In July 2019, he was selected to play for the Belfast Titans in the inaugural edition of the Euro T20 Slam cricket tournament. However, the following month the tournament was cancelled. He was released by the Delhi Capitals ahead of the 2020 IPL auction. Ahead of the 2020 PSL Draft, he was released by Karachi Kings, he played for two years with the franchise. In December 2019, he was drafted by Islamabad United as second pick of the Platinum Category round at the 2020 PSL draft. In July 2020, he was named in the St Lucia Zouks squad for the 2020 Caribbean Premier League. However, Ingram was one of five South African cricketers to miss the tournament, after failing to confirm travel arrangements in due time.

In October 2020, he was drafted by the Galle Gladiators for the inaugural edition of the Lanka Premier League.

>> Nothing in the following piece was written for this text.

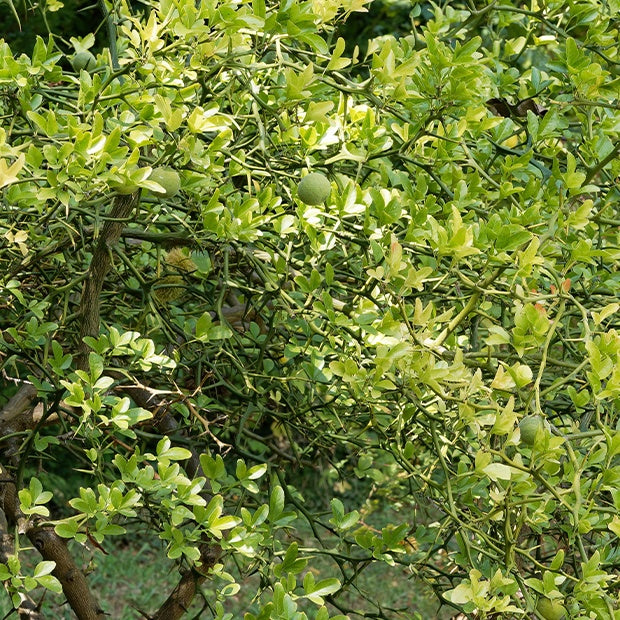 Citron du nord - Poncirus trifoliata - Fruitiers Arbres et arbustes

== International career ==

Ingram made his Twenty20 International debut against Zimbabwe during Zimbabwe's tour of South Africa in 2010, playing in both matches. He didn't bat for long, scoring a total of 15 runs in the two-match series (3 & 12) as South Africa registered victories in both matches. He made his mark on his ODI debut in the ODI series against Zimbabwe that followed by scoring a century (124), only the sixth person to score a century on debut and the first South African ever to achieve this honour.